SOURCE INFORMATION -
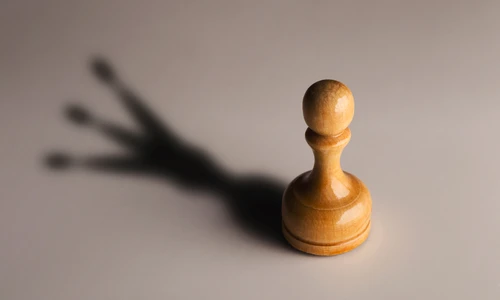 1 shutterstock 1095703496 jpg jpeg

---

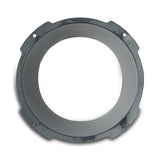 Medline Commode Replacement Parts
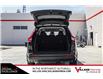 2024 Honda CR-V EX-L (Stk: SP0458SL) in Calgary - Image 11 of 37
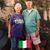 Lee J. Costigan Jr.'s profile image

WORK TO BE COMPLETED - Line for line, output the entries above from the line with "Medline Commode Replacement Parts" to the line with "Lee J. Costigan Jr.'s profile image", both included, and nothing more. Skip pictures.

ANSWER TO THE PROBLEM -
 Medline Commode Replacement Parts
 2024 Honda CR-V EX-L (Stk: SP0458SL) in Calgary - Image 11 of 37
 Lee J. Costigan Jr.'s profile image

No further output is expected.